Belki de bu çağ çabanın ve emeğin vefat ettiği çağdır. Bir şey üretirken verilen emek benim her zaman önemsediğim şeydir. Köşe yazarlığımdan bahsetmeden roman yazarlığımdan örnek vermek istiyorum. Aylar süren hazırlık aşaması yazmaya başladıktan sonra silinen sayfalar, uykusuz kalınan geceler, gelmeyen ilham perileri ile birlikte harcanan saatler sadece takdir edilmek ya da pofpoflanmak için değildir. Kendi yaşadığı doyumun hazzı yaşamak kadar anlaşılmak ister, o uykusuz gecelerde yazarın amacı beni duyun, size bir şey anlatıyorumdur.
Her zaman söylüyorum kitabım geç yani ileri yaşlarımda çıkmış olsa da ben küçük yaşlarından beri yazan biriyim. Yazmıyor olsam deliririm herhalde...
Velhasıl, yazmak beni rahatlatan ve motivasyonunu eden bir şey,
İstiyorum ki herkes kendini mutlu eden ve motivasyonunu eden işlerle meşgul olsunlar. İnternete yemek yapan ya da temizlik videoları yayınlayan insanlara da çok saygı duyuyorum sonunda emek her şeye olduğu gibi beni saygı duymadığım şey oturduğu ya da uzandığı yerden yazdıysa ne oldu gibi yorum yapan insanlara...

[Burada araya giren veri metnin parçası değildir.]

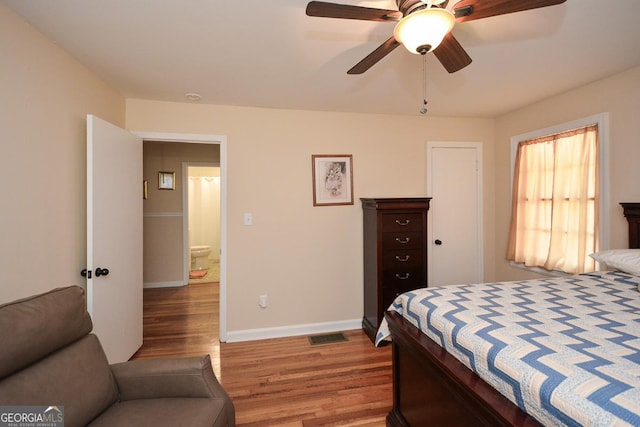 bedroom featuring visible vents, ceiling fan, baseboards, and wood finished floors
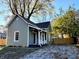 Charming home with light green siding, front porch, and landscaped front yard at 212 S Good Ave, Indianapolis, IN 46219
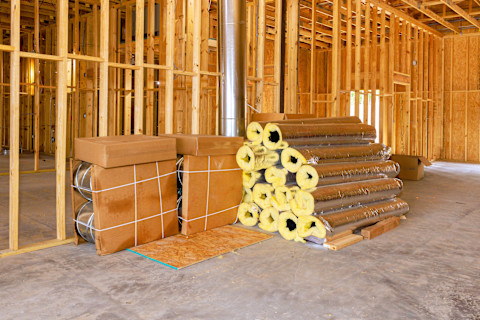 An unfinished interior space contains stacked insulation rolls. Construction materials are stored neatly on the floor.
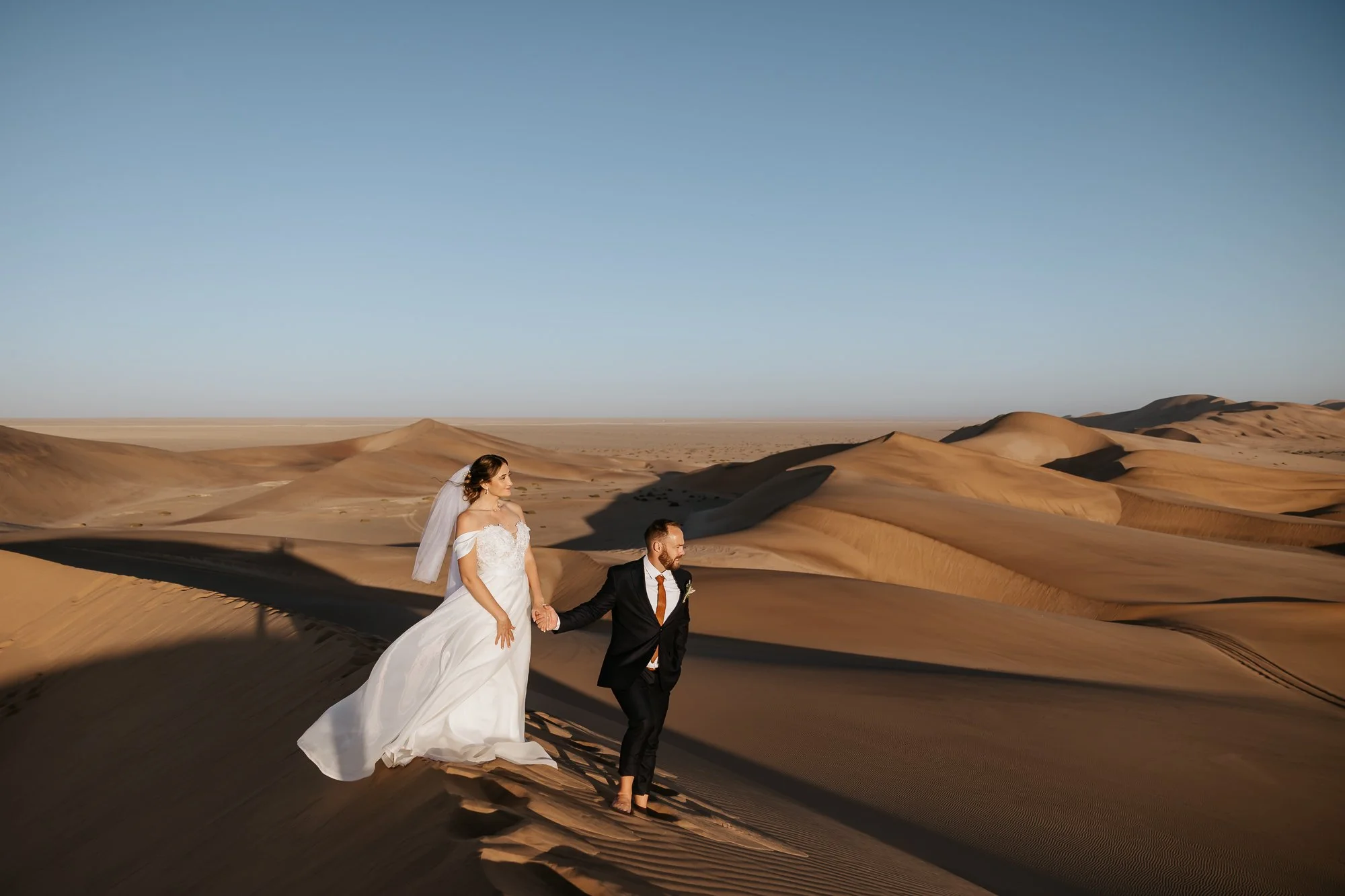 Bride and groom standing on the Nambian dunes on the East Cost of the Namib desert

Klavyede yazı değil kendi yetkinliğinizi üretin. Üretin ki kimseyle derdiniz olmasın ya da kimseyle uğraşmaya vaktiniz olmasın...
Emeklilik hayali kurduğum şu günlerde ne yapabilirim, ne üretebilirim diye araştırırken, yeni bir dil öğrenme, dikiş kursu, seramik yapma hayallerim ile planlar yaparken tek marifeti eşine ajda bilezik aldırmak olan biri gelip yazdın da ne oldu diyebiliyor.

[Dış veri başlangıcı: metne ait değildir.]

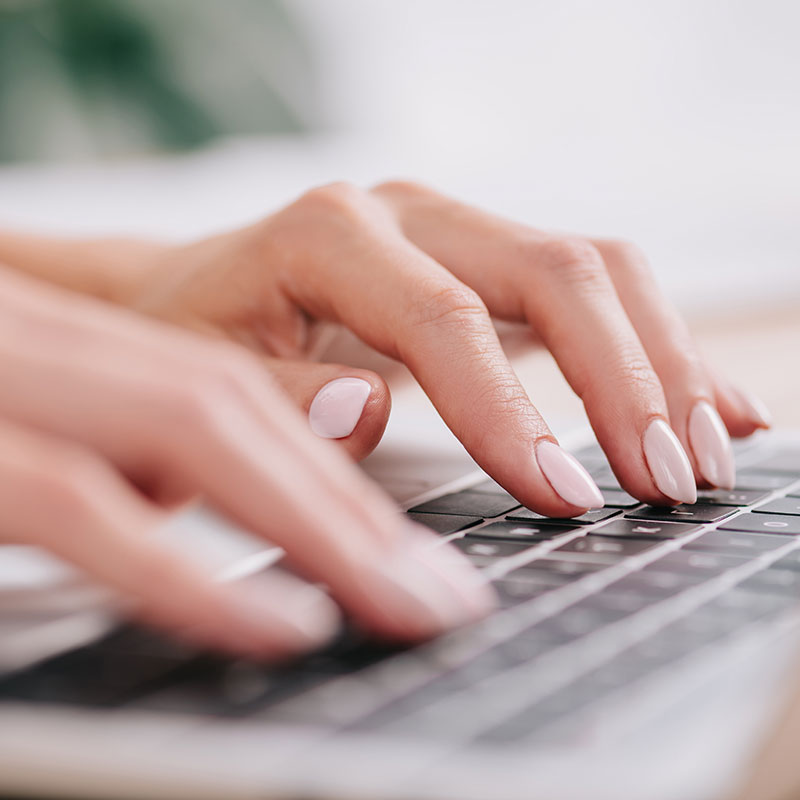 Woman Typing on Keyboard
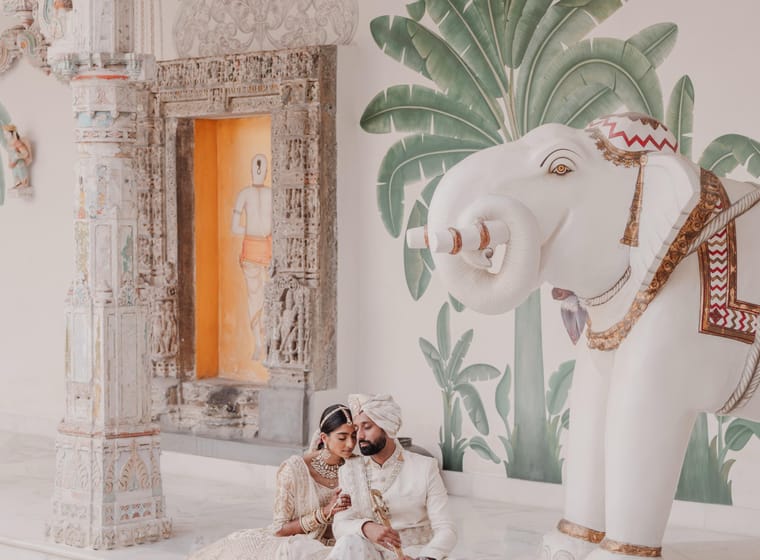 A couple sits beside a white ceremonial elephant statue and a carved stone shrine doorway with painted palm leaves
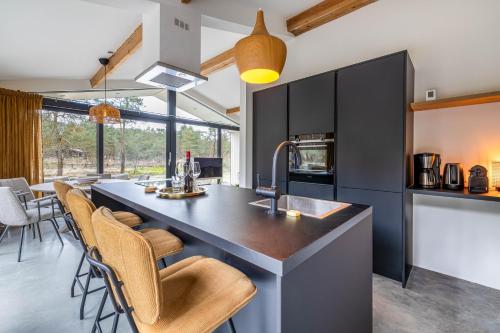 Design bungalow met wellness in parkbos in Buurtschap Giethmen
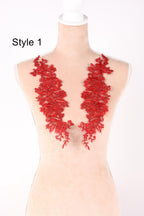 A mannequin wearing a red lace dress with a floral pattern on the shoulders.
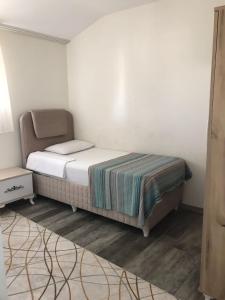 a small bedroom with a bed and a table at zirve apart in Acıpayam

48 yıllık hayatıma diploma, sertifika, yetkinlik belgeleri eklemenin hiç önemi yokmuş okumak değil kendini eğitmek diyeceğim olmayacak, okudum kendimi eğittim diyeceğim olmayacak ama şunu diyebilirim. Okurken özümsemiş ve bilgi ile kendini yönetmiş çevresine de okuduğu şeyler konusunda faydası olan herkese saygım var.
Bilginin zarafetine inanıyorum, öyle bir özgüven ve zarafettir ki cahile cevap vermez. Üniversitede Tarih konusunda oldukça bilgili ve araştırma kitapları olan bir hoca ile sohbet etme fırsatım olmuştu, böyle bir mütevazilik yok yemin ediyorum, anlattıklarını harfi harfine hatırlayacak kadar can kulağı ile dinlemiştim. Başı önünde ve belki başka araştırmalar beni yalanlayabilir lütfen onları da okuyun diyecek kadar zarif.

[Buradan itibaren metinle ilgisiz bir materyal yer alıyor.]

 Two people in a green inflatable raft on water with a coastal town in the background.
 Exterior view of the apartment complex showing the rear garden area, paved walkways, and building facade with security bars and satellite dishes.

Yani demem o ki; Mevlana'nın dediği gibi;
"Olgun başak eğik durur, eğer dikse içi koftur"
Sevgili okuyucum; okuyun, araştırın ve dinleyin.
Okuduğunuz, dinlediğiniz şeyleri araştıran herkese saygı duyun.
Kolay para kazanma derdine düşen ve zamane şaklabanı olan herkese inat bilgi deryasında ayrılmamış herkese saygı duyuyorum.
Ama şu dip notu eklemek istiyorum;
Her kitap yazan; yazar değildir.
Her kitabı olan; yetkin değildir.
Her kitap çıkartan; bilgili değildir.
Her hoca olan; hoca değildir. Okuduğunuz ve dinlediğiniz her şeye inanın demiyorum o yüzden araştırın diyorum.
Bu haftada okuyun, dinleyin, araştırın ve öğrendiğimiz her bilgi ile kendinizi takdir edin çünkü öğrenmenin yaşı yok.
Sevgi ve saygılarımla haftaya görüşmek üzere...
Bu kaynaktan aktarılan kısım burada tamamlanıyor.